Para controlar a inflação, o Banco Central utiliza como principal ferramenta a taxa básica de juros, a Selic, atualmente em 15% ao ano. Apesar do recuo nas projeções de inflação e da valorização do dólar, o Comitê de Política Monetária (Copom) manteve a taxa inalterada pela quinta vez consecutiva. Este é o maior patamar desde julho de 2006, quando estava em 15,25% ao ano.

Em comunicado, o Copom confirmou que deve iniciar o ciclo de redução dos juros na reunião de março, desde que a inflação continue sob controle e não haja surpresas no cenário econômico. Os analistas do mercado projetam que a Selic caia para 12,25% ao ano até o final de 2026, mesma previsão da semana passada. Para 2027 e 2028, a expectativa é de novas quedas, para 10,5% e 10% ao ano, respectivamente, chegando a 9,5% em 2029.

Impacto dos juros na economia

Quando o Copom eleva a Selic, o objetivo é frear a demanda aquecida, o que afeta os preços porque os juros mais altos encarecem o crédito e incentivam a poupança. Por outro lado, taxas elevadas podem dificultar a expansão da economia. Os bancos, ao definir os juros para os consumidores, também consideram fatores como risco de inadimplência, lucro e despesas administrativas.

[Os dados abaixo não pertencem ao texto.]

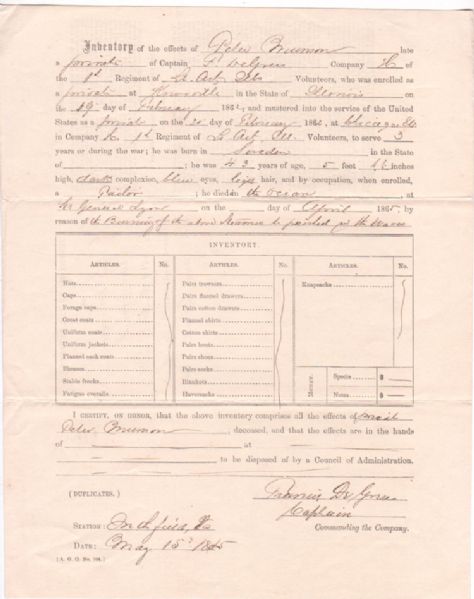 Inventory of Effects of Peter Munson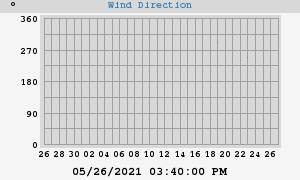 Hi Wind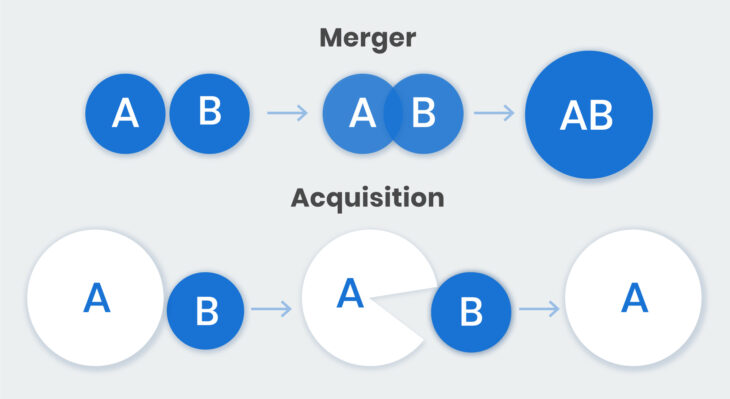 Mergers and acquisitions (M&A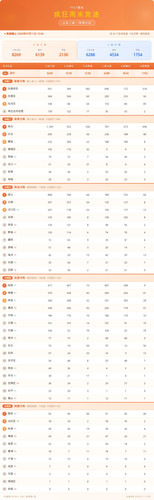 dashboard final.1
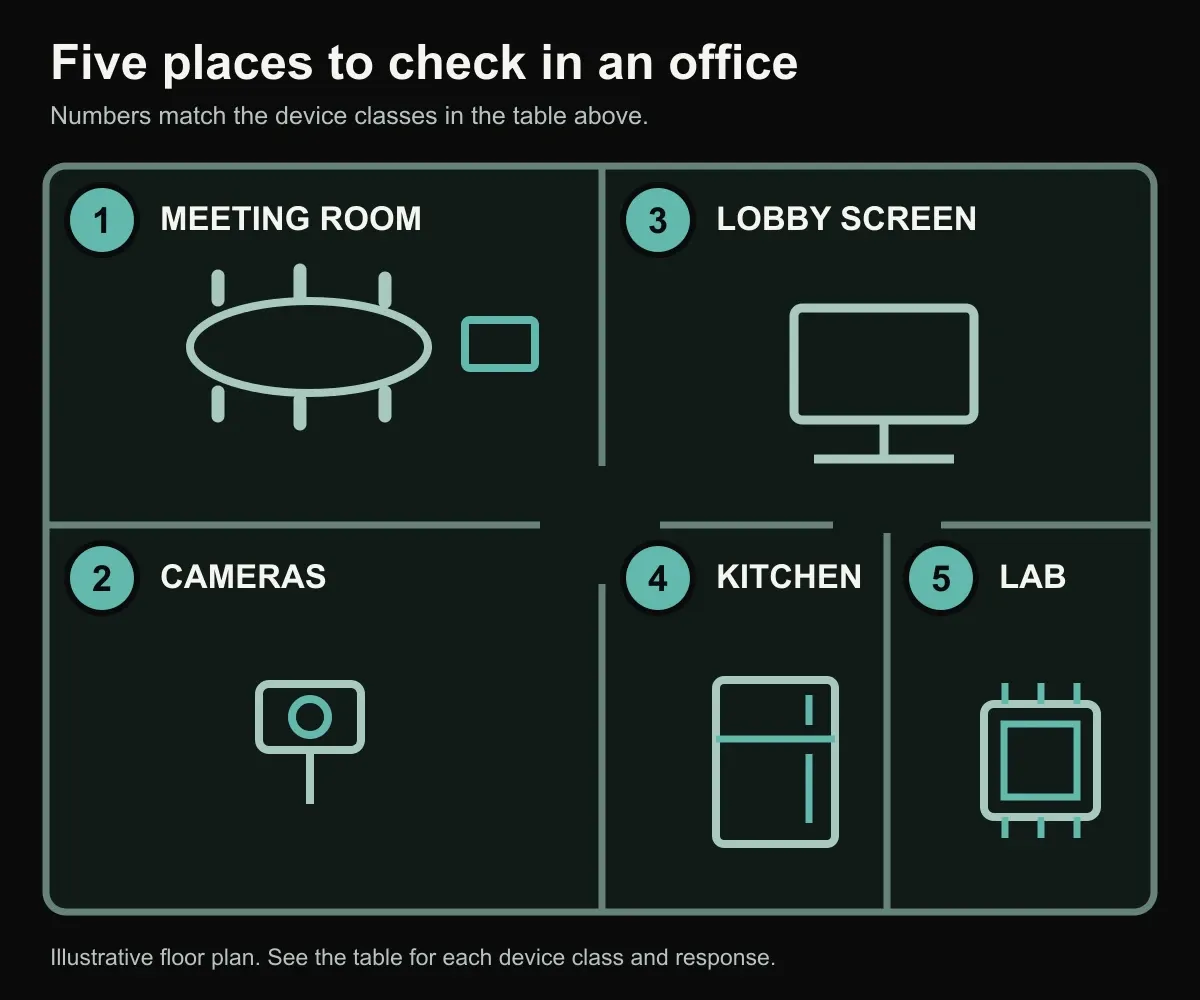 Illustrative office floor plan with five numbered locations: meeting room, cameras, lobby screen, kitchen, and lab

Já a redução da Selic tende a baratear o crédito, estimulando a produção e o consumo, o que pode diminuir o controle sobre a inflação, mas aquece a atividade econômica. O equilíbrio entre esses fatores é crucial para o BC atingir a meta inflacionária.

PIB e câmbio com projeções estáveis

O boletim Focus também trouxe estimativas para o crescimento da economia. A projeção para o Produto Interno Bruto (PIB) em 2026 permanece em 1,8%, mesma previsão para 2027. Para 2028 e 2029, o mercado financeiro espera expansão de 2% em cada ano. Em 2024, o PIB fechou com alta de 3,4%, a maior desde 2021, quando alcançou 4,8%.

No terceiro trimestre de 2025, a economia brasileira cresceu 0,1%, impulsionada pelas expansões da indústria e da agropecuária, o que o IBGE considera como estabilidade. O resultado consolidado de 2025 será divulgado pelo instituto em 3 de março.

Quanto ao câmbio, a previsão para o dólar segue em R$ 5,50 ao final de 2026, mesmo patamar estimado para o fim de 2027. A estabilidade na cotação da moeda norte-americana reflete as expectativas de controle inflacionário e um cenário econômico sem grandes turbulências.